_WORK INSTRUCTIONS:_ From the entries below, transcribe exactly the lines between the line holding "Qalamkar | Chikankari" and the line holding "Short Sleeve Loungewear", inclusive; skip all other lines.

──────────

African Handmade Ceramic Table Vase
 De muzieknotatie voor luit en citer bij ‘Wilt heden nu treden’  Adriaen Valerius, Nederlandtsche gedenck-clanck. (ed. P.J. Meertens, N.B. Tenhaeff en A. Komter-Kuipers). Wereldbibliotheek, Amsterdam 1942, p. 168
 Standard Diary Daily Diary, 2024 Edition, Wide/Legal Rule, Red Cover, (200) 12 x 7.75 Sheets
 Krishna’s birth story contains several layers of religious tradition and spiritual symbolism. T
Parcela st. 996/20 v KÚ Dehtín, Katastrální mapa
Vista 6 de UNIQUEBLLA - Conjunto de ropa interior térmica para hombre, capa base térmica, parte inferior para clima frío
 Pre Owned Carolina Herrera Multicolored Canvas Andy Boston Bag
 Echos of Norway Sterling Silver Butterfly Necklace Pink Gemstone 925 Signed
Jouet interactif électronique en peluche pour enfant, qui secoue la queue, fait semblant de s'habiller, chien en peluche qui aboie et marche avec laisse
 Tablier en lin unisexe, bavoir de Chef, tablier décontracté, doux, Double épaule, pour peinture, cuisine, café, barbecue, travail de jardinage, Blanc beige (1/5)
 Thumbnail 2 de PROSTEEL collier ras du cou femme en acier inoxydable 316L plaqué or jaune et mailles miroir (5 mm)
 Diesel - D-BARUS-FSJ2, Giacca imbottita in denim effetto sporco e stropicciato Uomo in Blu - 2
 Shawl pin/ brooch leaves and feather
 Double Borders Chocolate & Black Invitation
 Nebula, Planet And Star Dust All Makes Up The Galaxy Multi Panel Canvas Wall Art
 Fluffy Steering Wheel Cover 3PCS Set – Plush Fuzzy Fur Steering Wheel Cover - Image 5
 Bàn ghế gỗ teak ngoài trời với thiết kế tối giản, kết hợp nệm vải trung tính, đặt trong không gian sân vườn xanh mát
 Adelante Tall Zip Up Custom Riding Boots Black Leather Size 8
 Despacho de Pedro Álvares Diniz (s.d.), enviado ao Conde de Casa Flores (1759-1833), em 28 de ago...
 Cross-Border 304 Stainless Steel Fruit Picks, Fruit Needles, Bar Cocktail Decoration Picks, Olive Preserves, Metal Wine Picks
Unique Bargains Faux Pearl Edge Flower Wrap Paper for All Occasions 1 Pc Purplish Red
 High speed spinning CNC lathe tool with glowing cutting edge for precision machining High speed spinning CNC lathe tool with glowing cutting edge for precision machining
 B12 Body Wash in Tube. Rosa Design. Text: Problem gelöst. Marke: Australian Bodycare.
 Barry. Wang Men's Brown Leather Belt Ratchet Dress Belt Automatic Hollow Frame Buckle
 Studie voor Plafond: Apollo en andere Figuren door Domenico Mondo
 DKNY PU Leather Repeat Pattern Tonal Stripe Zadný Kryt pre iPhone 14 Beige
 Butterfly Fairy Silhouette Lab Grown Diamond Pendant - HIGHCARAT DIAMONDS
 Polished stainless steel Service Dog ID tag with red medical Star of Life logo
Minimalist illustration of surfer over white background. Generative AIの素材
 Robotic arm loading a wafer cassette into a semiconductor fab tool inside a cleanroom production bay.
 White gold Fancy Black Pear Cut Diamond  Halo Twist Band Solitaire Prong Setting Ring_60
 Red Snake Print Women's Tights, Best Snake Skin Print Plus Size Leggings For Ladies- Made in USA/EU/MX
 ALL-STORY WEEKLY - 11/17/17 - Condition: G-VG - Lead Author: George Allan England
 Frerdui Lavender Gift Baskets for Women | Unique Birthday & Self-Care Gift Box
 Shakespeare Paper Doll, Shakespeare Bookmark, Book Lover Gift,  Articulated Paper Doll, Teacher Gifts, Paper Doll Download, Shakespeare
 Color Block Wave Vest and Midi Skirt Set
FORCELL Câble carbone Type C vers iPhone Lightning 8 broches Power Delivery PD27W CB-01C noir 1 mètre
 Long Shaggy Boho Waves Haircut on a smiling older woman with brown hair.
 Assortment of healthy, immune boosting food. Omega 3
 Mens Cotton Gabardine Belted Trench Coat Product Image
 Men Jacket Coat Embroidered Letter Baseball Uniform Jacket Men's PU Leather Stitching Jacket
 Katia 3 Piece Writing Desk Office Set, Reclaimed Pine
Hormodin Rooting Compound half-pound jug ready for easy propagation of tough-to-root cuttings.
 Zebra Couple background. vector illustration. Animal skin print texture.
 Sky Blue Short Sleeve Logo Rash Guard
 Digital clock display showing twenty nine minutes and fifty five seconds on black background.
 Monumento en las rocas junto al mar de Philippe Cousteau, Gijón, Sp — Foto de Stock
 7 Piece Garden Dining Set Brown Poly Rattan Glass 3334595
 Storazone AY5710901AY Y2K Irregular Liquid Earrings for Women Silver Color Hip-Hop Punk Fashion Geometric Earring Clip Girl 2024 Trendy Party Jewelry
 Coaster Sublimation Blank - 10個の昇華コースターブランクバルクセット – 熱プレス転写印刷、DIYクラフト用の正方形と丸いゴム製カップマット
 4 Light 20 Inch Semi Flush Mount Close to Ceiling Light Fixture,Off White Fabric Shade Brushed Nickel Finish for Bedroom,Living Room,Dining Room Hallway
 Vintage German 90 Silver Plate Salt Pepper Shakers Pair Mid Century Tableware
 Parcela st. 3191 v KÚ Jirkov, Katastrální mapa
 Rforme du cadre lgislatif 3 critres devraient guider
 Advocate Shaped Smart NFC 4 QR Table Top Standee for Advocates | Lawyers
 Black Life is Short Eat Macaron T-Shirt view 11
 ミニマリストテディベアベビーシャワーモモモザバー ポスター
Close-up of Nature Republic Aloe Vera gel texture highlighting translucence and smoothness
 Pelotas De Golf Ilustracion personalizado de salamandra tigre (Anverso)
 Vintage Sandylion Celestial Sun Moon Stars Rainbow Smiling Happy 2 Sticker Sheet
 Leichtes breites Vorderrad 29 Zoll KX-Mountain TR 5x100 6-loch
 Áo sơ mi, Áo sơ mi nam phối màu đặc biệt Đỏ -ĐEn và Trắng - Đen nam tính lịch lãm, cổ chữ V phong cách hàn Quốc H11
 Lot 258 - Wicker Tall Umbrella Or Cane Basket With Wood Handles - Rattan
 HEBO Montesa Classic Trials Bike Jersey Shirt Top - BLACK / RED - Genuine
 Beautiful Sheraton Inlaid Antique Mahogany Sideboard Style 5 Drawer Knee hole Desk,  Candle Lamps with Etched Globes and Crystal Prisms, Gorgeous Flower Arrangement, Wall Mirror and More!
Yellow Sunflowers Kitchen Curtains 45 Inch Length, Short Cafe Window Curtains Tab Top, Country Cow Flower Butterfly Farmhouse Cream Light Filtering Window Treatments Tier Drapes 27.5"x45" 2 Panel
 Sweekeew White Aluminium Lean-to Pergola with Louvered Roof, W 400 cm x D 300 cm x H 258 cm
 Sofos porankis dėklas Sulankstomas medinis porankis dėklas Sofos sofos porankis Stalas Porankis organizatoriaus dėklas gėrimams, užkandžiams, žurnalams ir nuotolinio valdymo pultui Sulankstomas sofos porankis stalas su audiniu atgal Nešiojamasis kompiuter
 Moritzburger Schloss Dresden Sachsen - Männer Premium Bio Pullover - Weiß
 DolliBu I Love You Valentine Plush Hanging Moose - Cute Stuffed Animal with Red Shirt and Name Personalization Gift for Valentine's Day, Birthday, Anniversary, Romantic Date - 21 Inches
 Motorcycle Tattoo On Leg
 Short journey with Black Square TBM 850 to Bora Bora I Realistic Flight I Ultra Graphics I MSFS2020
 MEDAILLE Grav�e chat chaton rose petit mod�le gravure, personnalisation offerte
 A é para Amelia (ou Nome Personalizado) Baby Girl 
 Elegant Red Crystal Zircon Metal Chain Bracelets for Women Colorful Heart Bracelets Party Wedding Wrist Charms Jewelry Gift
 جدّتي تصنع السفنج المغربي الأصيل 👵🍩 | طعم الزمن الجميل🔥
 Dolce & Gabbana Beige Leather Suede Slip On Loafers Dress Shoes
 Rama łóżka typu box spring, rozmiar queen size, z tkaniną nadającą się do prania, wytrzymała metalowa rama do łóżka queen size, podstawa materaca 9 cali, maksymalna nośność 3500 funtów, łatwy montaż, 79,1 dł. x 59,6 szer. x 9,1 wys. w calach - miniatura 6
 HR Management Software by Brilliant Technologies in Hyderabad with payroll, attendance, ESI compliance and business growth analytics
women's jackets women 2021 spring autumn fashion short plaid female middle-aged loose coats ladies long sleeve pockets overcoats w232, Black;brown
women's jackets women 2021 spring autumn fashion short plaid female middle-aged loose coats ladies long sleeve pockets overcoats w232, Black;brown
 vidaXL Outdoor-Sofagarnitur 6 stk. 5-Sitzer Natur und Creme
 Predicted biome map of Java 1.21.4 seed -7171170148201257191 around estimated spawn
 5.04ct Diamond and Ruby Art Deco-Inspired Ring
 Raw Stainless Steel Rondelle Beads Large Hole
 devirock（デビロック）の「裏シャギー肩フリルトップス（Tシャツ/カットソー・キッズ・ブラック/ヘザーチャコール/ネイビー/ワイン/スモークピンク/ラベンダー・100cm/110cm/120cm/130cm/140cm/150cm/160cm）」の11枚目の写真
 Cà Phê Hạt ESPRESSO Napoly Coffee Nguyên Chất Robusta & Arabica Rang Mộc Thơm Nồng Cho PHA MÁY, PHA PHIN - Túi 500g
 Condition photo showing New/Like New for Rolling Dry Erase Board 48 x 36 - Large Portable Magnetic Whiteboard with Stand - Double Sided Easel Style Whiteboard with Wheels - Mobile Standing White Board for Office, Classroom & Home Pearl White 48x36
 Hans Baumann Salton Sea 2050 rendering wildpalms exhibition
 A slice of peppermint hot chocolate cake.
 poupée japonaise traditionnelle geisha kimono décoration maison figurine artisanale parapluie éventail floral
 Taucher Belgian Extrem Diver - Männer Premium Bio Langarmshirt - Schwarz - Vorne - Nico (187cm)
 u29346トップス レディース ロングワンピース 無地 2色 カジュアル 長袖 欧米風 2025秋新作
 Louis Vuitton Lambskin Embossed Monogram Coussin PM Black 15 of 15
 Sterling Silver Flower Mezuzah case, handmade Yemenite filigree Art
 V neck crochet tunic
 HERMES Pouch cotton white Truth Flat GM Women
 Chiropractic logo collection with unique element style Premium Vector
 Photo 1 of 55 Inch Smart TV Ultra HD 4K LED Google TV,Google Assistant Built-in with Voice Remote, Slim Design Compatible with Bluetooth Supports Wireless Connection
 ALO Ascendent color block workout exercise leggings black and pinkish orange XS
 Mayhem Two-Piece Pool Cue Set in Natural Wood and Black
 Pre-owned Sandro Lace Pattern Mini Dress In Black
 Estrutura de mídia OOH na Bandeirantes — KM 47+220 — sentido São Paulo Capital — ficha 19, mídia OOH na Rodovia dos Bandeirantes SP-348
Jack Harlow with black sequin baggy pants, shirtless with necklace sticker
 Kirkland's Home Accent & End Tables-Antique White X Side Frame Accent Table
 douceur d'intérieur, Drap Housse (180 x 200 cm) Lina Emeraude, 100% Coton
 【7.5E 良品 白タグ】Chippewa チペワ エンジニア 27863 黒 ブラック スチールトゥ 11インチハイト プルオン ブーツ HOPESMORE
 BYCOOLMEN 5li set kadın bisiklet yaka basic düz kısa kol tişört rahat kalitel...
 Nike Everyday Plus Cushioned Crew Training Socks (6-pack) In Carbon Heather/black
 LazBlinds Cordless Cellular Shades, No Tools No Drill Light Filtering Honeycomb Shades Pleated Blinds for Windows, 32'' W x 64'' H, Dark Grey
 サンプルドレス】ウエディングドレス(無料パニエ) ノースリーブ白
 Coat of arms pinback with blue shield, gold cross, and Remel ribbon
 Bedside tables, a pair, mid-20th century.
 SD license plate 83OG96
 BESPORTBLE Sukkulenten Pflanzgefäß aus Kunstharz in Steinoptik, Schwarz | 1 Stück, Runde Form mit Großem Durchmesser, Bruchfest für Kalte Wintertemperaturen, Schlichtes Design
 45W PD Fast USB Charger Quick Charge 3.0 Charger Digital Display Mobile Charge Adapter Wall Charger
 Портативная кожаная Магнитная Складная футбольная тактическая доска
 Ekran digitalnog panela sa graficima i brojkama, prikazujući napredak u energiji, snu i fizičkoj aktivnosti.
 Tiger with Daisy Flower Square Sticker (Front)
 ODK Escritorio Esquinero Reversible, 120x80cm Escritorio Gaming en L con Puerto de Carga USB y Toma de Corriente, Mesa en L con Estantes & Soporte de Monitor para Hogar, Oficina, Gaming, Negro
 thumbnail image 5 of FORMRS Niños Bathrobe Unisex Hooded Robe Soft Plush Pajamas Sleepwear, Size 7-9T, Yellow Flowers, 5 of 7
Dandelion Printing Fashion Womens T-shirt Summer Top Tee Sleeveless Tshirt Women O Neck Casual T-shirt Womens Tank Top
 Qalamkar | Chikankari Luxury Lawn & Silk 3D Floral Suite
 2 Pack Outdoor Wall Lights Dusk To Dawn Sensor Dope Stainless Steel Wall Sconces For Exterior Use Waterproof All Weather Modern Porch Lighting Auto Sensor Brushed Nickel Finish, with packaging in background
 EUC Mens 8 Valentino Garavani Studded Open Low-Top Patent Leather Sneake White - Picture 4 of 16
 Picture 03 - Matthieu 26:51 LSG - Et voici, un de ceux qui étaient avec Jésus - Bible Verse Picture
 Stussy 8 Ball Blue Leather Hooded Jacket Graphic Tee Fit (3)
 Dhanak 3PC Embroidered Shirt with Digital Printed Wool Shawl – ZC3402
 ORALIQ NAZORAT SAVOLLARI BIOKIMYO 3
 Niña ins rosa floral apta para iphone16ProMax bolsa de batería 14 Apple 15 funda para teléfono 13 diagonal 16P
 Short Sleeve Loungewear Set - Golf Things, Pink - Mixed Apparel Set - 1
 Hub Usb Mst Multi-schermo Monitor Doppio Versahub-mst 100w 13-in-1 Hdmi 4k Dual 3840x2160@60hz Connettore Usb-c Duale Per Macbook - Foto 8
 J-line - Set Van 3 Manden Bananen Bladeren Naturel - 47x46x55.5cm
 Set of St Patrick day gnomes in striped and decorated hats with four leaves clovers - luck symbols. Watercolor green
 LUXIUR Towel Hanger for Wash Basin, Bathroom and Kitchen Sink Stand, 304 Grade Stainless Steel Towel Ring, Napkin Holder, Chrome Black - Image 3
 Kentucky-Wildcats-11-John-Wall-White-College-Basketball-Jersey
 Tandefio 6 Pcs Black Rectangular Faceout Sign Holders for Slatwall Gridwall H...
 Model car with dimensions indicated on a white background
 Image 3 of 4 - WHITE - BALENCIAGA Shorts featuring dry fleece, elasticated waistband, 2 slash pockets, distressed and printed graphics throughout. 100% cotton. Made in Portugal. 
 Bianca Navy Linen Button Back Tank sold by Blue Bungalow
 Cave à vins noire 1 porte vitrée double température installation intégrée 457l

──────────

_THE COMPLETED TASK:_
 Qalamkar | Chikankari Luxury Lawn & Silk 3D Floral Suite
 2 Pack Outdoor Wall Lights Dusk To Dawn Sensor Dope Stainless Steel Wall Sconces For Exterior Use Waterproof All Weather Modern Porch Lighting Auto Sensor Brushed Nickel Finish, with packaging in background
 EUC Mens 8 Valentino Garavani Studded Open Low-Top Patent Leather Sneake White - Picture 4 of 16
 Picture 03 - Matthieu 26:51 LSG - Et voici, un de ceux qui étaient avec Jésus - Bible Verse Picture
 Stussy 8 Ball Blue Leather Hooded Jacket Graphic Tee Fit (3)
 Dhanak 3PC Embroidered Shirt with Digital Printed Wool Shawl – ZC3402
 ORALIQ NAZORAT SAVOLLARI BIOKIMYO 3
 Niña ins rosa floral apta para iphone16ProMax bolsa de batería 14 Apple 15 funda para teléfono 13 diagonal 16P
 Short Sleeve Loungewear Set - Golf Things, Pink - Mixed Apparel Set - 1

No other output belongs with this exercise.